**RECORDS FOR THE EXERCISE:**
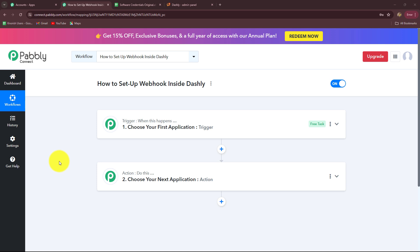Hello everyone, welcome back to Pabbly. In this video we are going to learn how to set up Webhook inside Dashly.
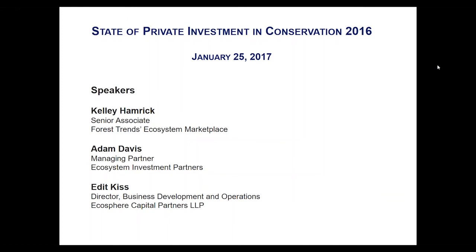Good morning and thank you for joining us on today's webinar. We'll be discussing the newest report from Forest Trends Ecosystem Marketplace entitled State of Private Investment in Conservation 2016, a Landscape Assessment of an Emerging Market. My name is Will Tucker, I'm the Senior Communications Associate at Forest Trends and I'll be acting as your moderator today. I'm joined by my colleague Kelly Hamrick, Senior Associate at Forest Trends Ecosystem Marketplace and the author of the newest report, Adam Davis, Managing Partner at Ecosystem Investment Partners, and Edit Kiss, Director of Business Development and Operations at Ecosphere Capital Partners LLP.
...
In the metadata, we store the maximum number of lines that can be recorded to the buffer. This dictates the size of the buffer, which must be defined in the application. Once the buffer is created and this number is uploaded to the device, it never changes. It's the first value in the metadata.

**TASK DETAILS:** Print exactly the lines above that run from the one with "Hello everyone, welcome" down to the one with "Good morning and", and omit the pictures.

**TASK SOLUTION:**
Hello everyone, welcome back to Pabbly. In this video we are going to learn how to set up Webhook inside Dashly.
Good morning and thank you for joining us on today's webinar. We'll be discussing the newest report from Forest Trends Ecosystem Marketplace entitled State of Private Investment in Conservation 2016, a Landscape Assessment of an Emerging Market. My name is Will Tucker, I'm the Senior Communications Associate at Forest Trends and I'll be acting as your moderator today. I'm joined by my colleague Kelly Hamrick, Senior Associate at Forest Trends Ecosystem Marketplace and the author of the newest report, Adam Davis, Managing Partner at Ecosystem Investment Partners, and Edit Kiss, Director of Business Development and Operations at Ecosphere Capital Partners LLP.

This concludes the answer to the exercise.